Under this line are the records; write out word for word the part that begins at the line containing "Preseason Week 2, How" and ends at the line containing "13. which human", and no more.

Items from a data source
+--

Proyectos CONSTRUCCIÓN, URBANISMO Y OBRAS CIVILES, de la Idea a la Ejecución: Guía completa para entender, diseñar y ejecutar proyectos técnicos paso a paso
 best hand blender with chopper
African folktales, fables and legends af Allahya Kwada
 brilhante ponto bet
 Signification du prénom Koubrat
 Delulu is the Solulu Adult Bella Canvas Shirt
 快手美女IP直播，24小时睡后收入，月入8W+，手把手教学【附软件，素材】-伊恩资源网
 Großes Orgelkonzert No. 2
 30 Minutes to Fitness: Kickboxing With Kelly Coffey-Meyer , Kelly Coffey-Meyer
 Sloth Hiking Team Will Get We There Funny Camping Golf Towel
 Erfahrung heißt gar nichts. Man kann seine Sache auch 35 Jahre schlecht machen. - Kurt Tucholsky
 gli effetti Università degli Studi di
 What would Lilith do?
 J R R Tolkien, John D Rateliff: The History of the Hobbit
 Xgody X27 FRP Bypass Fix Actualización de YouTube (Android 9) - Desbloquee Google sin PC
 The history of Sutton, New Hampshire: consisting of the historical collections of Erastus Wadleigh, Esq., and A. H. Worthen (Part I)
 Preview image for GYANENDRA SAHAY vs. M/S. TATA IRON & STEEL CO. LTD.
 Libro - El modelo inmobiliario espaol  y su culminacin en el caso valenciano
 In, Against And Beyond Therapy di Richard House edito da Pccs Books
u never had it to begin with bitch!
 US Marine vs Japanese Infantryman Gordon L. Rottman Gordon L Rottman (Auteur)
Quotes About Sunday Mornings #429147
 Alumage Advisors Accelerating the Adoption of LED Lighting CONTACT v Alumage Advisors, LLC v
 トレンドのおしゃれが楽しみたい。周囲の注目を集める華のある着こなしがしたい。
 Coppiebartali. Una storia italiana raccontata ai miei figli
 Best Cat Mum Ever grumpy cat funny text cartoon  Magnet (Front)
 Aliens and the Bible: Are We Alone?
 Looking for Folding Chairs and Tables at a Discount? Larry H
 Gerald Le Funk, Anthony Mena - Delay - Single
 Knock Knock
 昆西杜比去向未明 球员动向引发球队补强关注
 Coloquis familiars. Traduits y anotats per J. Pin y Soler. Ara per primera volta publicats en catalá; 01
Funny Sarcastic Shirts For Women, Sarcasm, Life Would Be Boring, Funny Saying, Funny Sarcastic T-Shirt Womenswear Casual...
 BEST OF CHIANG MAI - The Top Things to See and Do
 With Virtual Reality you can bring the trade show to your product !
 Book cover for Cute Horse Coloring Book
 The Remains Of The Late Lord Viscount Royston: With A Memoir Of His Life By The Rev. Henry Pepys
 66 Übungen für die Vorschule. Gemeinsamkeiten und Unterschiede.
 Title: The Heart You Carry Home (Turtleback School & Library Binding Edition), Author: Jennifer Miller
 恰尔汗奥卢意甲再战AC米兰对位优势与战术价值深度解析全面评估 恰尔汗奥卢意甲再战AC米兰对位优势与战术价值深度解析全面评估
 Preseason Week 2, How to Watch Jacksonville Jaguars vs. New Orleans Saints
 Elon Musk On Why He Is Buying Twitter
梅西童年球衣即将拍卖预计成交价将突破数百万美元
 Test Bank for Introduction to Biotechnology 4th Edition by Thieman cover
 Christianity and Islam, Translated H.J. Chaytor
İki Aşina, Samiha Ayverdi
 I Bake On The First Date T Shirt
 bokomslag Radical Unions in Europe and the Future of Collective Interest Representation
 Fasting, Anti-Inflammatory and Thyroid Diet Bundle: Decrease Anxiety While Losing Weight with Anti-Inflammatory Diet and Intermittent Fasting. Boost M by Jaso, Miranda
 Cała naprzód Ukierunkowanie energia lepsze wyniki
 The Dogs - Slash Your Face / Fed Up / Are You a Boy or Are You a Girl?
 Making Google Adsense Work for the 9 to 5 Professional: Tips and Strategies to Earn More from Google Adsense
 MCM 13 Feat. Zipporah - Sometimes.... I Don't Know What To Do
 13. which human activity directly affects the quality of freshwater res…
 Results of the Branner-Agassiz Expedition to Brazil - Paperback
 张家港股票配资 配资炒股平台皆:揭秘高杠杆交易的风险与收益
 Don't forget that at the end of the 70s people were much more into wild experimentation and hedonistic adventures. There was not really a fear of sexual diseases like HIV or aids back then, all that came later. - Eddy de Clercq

+--

Solution >>
 Preseason Week 2, How to Watch Jacksonville Jaguars vs. New Orleans Saints
 Elon Musk On Why He Is Buying Twitter
梅西童年球衣即将拍卖预计成交价将突破数百万美元
 Test Bank for Introduction to Biotechnology 4th Edition by Thieman cover
 Christianity and Islam, Translated H.J. Chaytor
İki Aşina, Samiha Ayverdi
 I Bake On The First Date T Shirt
 bokomslag Radical Unions in Europe and the Future of Collective Interest Representation
 Fasting, Anti-Inflammatory and Thyroid Diet Bundle: Decrease Anxiety While Losing Weight with Anti-Inflammatory Diet and Intermittent Fasting. Boost M by Jaso, Miranda
 Cała naprzód Ukierunkowanie energia lepsze wyniki
 The Dogs - Slash Your Face / Fed Up / Are You a Boy or Are You a Girl?
 Making Google Adsense Work for the 9 to 5 Professional: Tips and Strategies to Earn More from Google Adsense
 MCM 13 Feat. Zipporah - Sometimes.... I Don't Know What To Do
 13. which human activity directly affects the quality of freshwater res…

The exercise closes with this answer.